*** Block opens ***
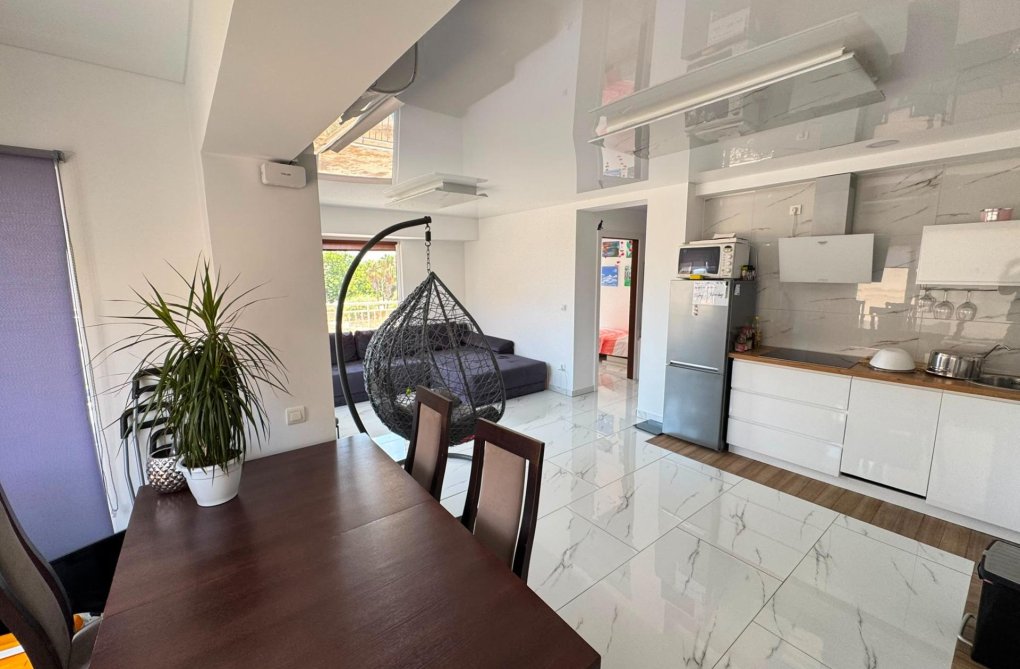 Segunda mano - Apartamento  - Torrevieja - Zona Los Frutales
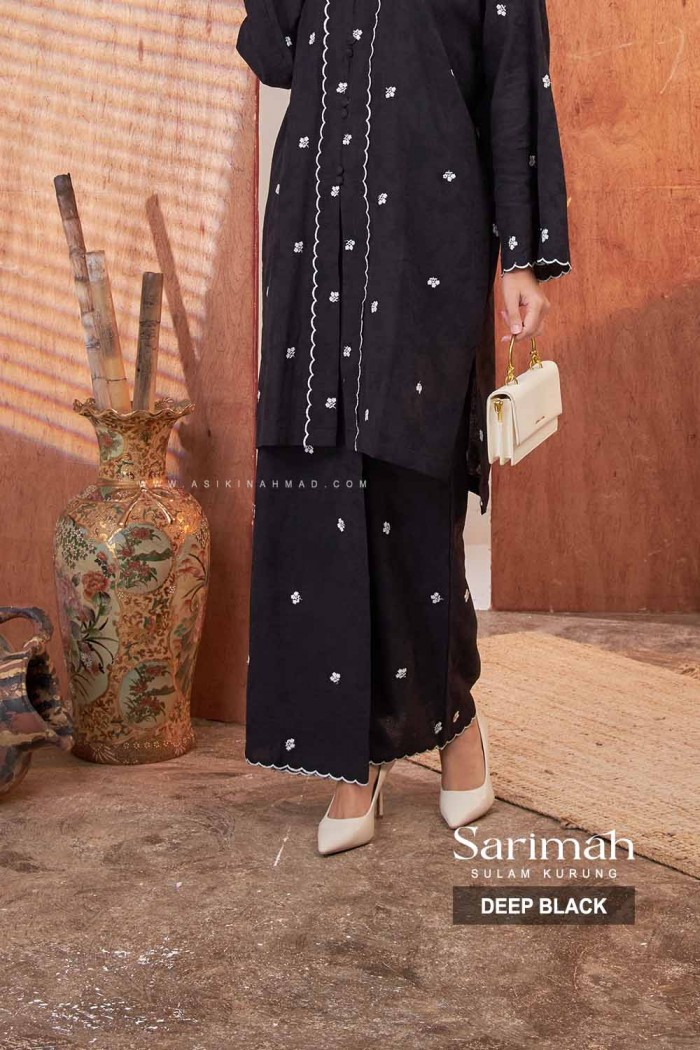 SARIMAH KURUNG SULAM in DEEP BLACK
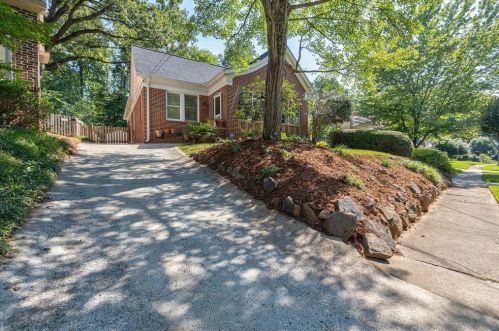1200 Cameron Ct, Atlanta, GA 30306-2622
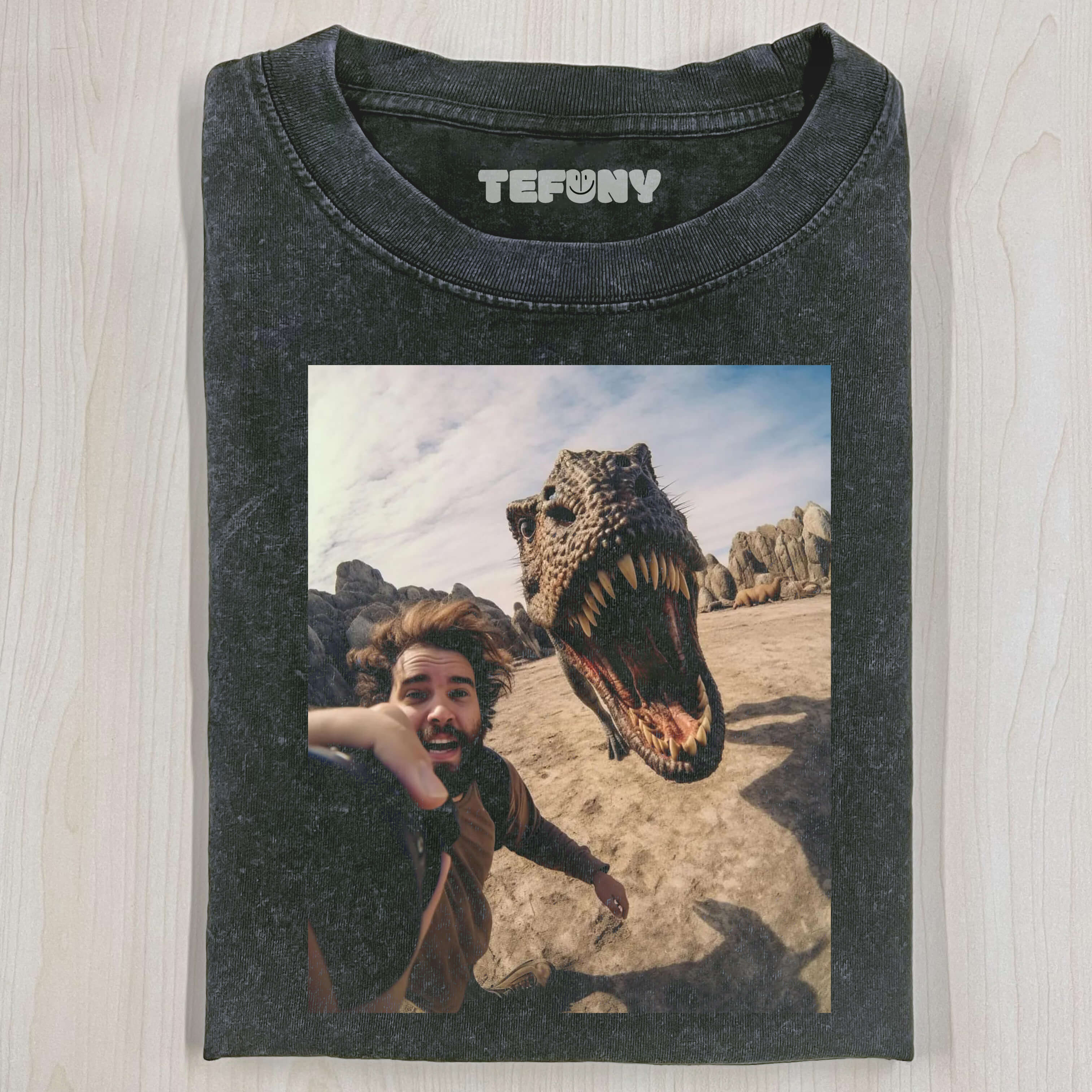 SELFIE WITH A DINOSAUR T-THIRT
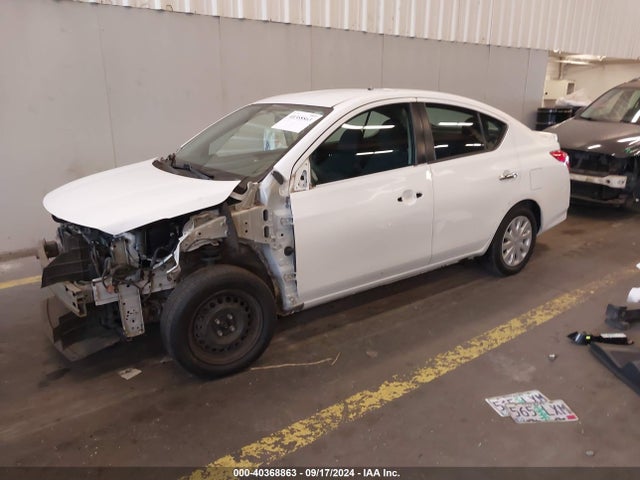 Nissan Versa 1.6 Sv 2018 3N1CN7AP3JL823046 Image 2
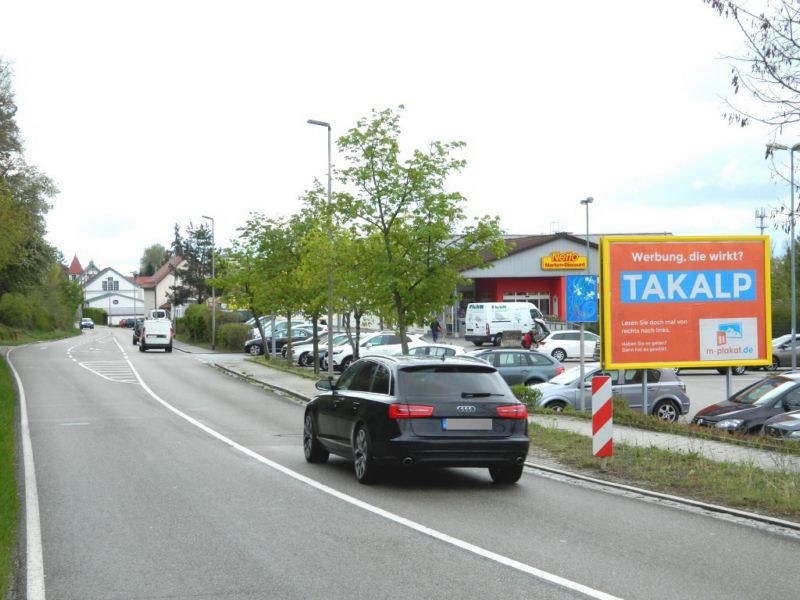 Regensburger Str.  39/Si. Str. quer re./Netto-GAM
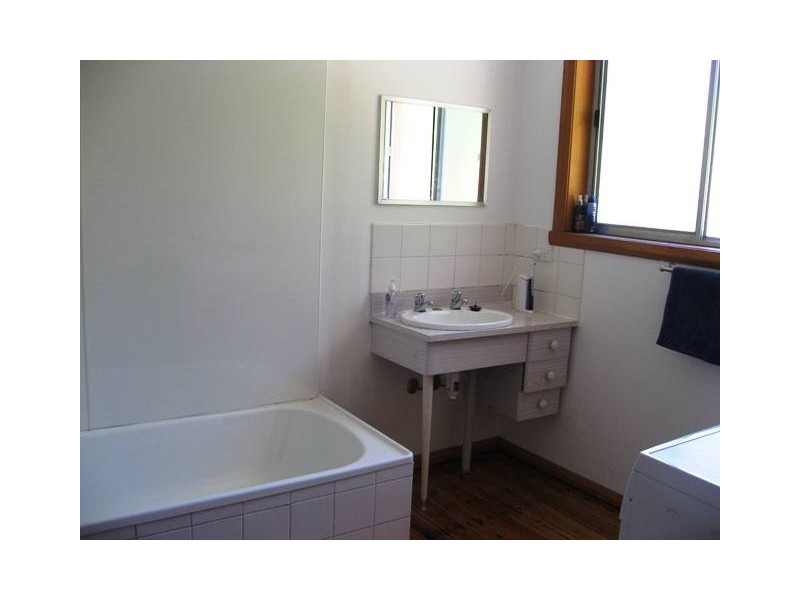 3/65 Doyle Ave, Lenah Valley TAS 7008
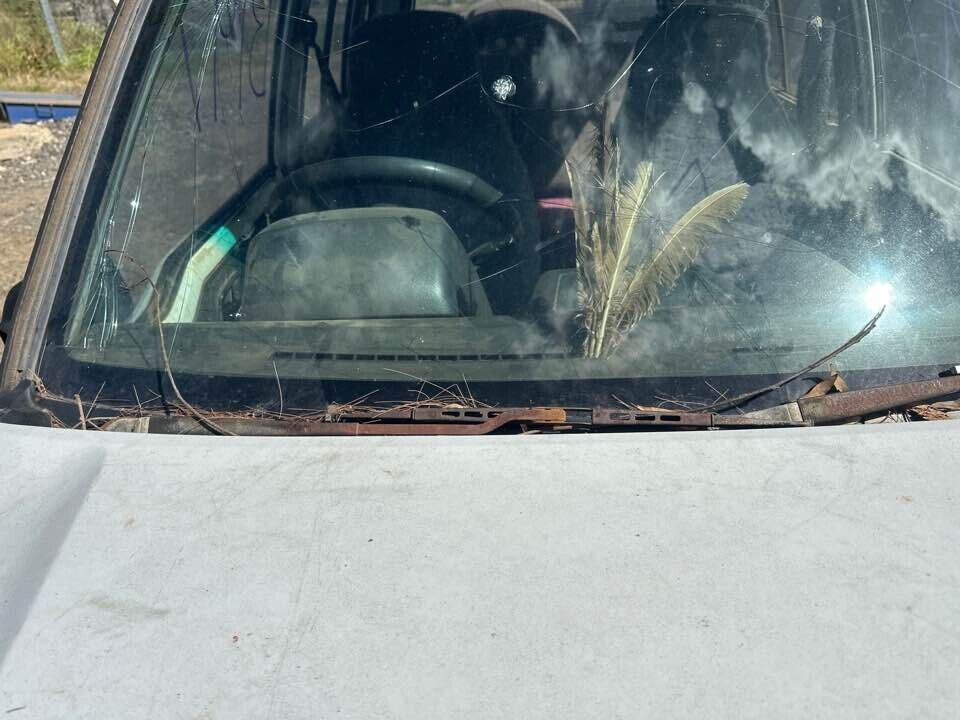 1992 Suzuki Vitara RH Drivers Wiper Arm #B197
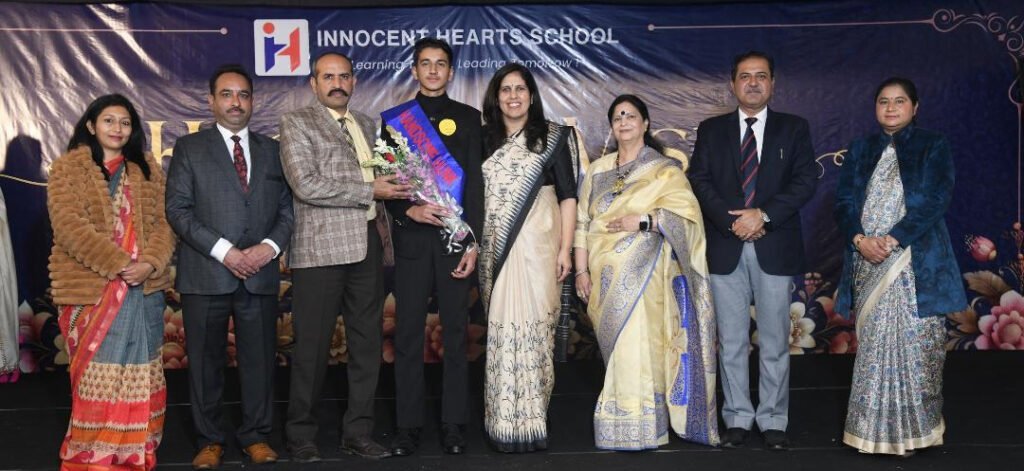 Innocent Hearts School : इनोसेंट हार्ट्स स्कूल ने 12वीं कक्षा के विद्यार्थियों को भावभीनी विदाई दी 2 ct 2 1 ct 2 1 Innocent Hearts School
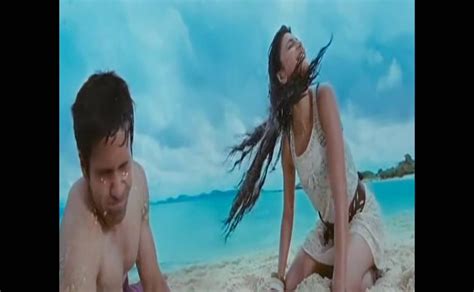 Shruti Haasan Bikini Scene In Dil Toh Baccha Hai Ji Aznude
*** Block closes ***
**Instructions to follow**
Return exactly the lines above, from the one with "SELFIE WITH A DINOSAUR T-THIRT" up to and including the one with "1992 Suzuki Vitara", and include no pictures.

**Problem solution**
 SELFIE WITH A DINOSAUR T-THIRT
 Nissan Versa 1.6 Sv 2018 3N1CN7AP3JL823046 Image 2
 Regensburger Str.  39/Si. Str. quer re./Netto-GAM
 3/65 Doyle Ave, Lenah Valley TAS 7008
 1992 Suzuki Vitara RH Drivers Wiper Arm #B197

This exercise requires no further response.